SUPPLIED MATERIAL:
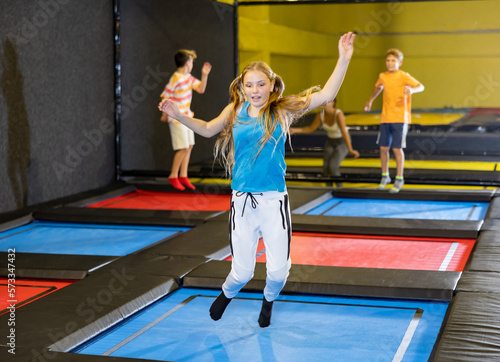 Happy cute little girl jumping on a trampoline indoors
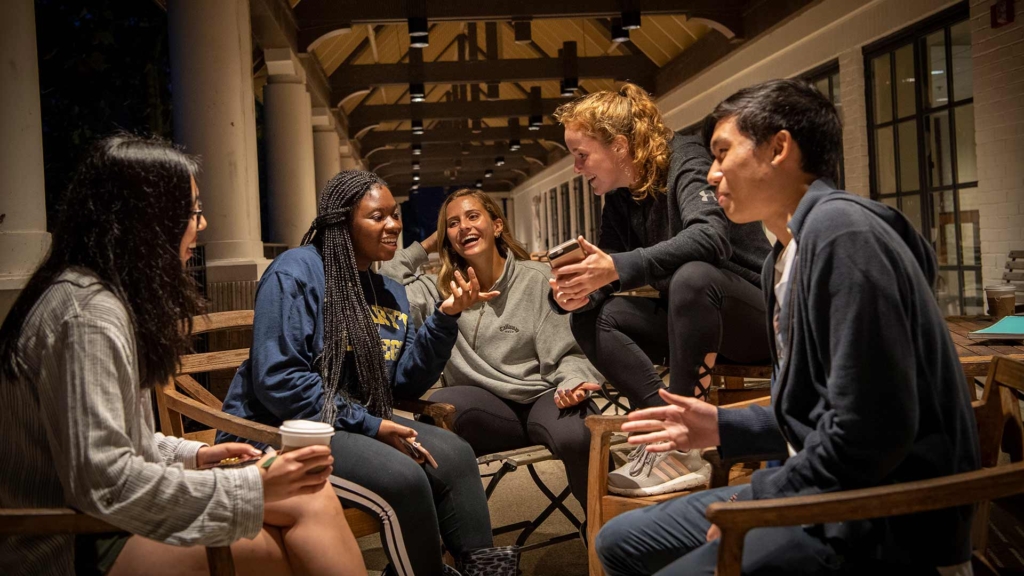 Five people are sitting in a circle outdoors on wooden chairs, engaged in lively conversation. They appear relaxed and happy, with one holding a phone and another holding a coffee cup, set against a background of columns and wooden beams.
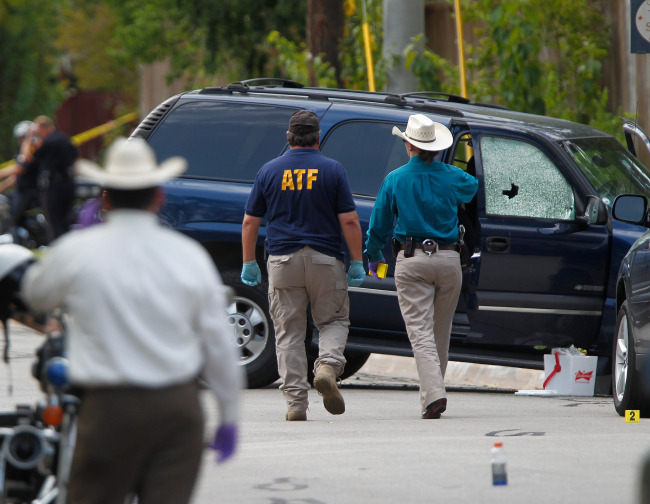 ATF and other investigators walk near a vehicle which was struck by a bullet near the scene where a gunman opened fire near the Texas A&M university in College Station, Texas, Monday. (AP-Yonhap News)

TASK REQUIREMENTS:
Skip all pictures. Write out only the lines from the one containing "Five people are" to the end of the listing above, inclusive, exactly as given.

RESULT OF THE TASK:
 Five people are sitting in a circle outdoors on wooden chairs, engaged in lively conversation. They appear relaxed and happy, with one holding a phone and another holding a coffee cup, set against a background of columns and wooden beams.
 ATF and other investigators walk near a vehicle which was struck by a bullet near the scene where a gunman opened fire near the Texas A&M university in College Station, Texas, Monday. (AP-Yonhap News)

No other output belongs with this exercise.